Мы совсѣмъ не надѣемся на успѣхъ нашей попытки и потому, что сомнѣваемся въ нашей способности выразить и доказать мысль, критерій которой лежитъ въ такой ультра-субъективной области, какъ непосредственное чувство, доступное передачѣ, но не доказательству, и еще потому, что по самой сущности ея мы не можемъ разсчитывать на сочувствіе къ ней большинства, имѣющаго другія симпатіи, другую вѣру. Но все же мы рѣшаемся ее выразить — изъ человѣческой потребности говоритъ вслухъ то, что думаешь и во что вѣришь.
II.
правитьГрафъ Толстой не пишетъ длинныхъ біографическихъ введеній къ образамъ своихъ главныхъ дѣйствующихъ лицъ, — онъ не имѣетъ этой слабости, свойственной даже такимъ талантамъ, какъ Тургеневъ. Гр. Толстой сразу, безъ предисловій, безъ всякихъ декоративныхъ машинъ, сразу вводитъ насъ въ свой чарующій міръ. Между этимъ міромъ и впечатлѣніемъ читателя нѣтъ никакихъ посредствующихъ приспособленій. Какъ будто мгновенно поднявшаяся занавѣсь открываетъ полную жизненности и красоты картину, поражающую своею неожиданностью правды.
Первый разъ мы видимъ Анну въ вагонѣ, когда ее случайно встрѣчаетъ Вронскій, — видимъ всего на нѣсколько минутъ, — но образъ ея такъ полонъ типической красоты, онъ такъ одушевленъ, что быстрота впечатлѣнія не можетъ ослабить его жизненности и силы. Ея индивидуальныя черты выступаютъ такъ быстро и сразу, какъ въ темной комнатѣ на полотнѣ мгновенныя фигуры волшебнаго фонаря.

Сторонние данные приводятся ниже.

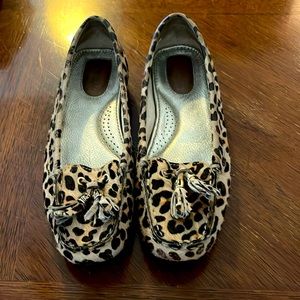 Sperry Top Sider Leopard Print Slip On Loafers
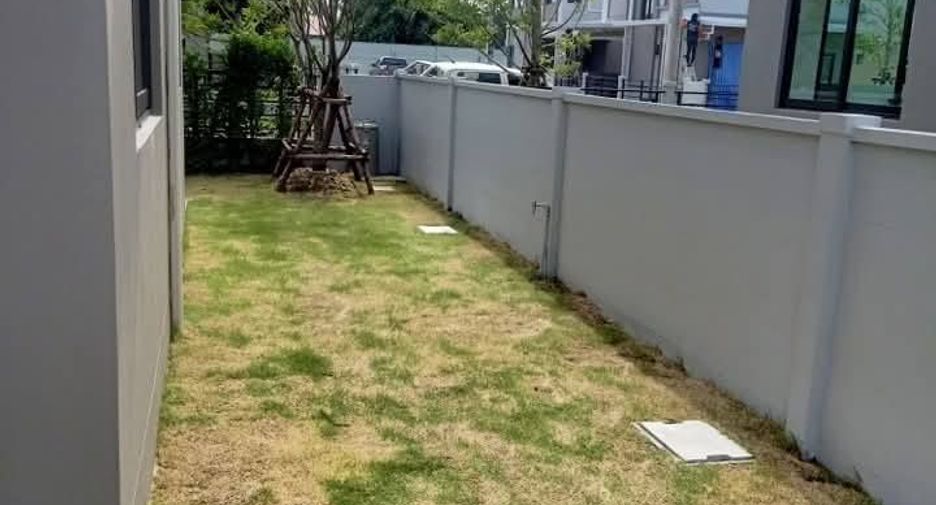 For sale 3 bedrooms house in Khlong Sam Wa, Bangkok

Въ это краткое мгновеніе мы видимъ на лицѣ Анны оживленнымъ ея характерное выраженіе, — выраженіе той красоты, ищущей и раздающей счастье, которую потомъ уловилъ въ ней художникъ Михайловъ и передалъ въ портретѣ, восхитившемъ Левина.
Но теперь не портретъ, а живая Анна взглянула на Вронскаго.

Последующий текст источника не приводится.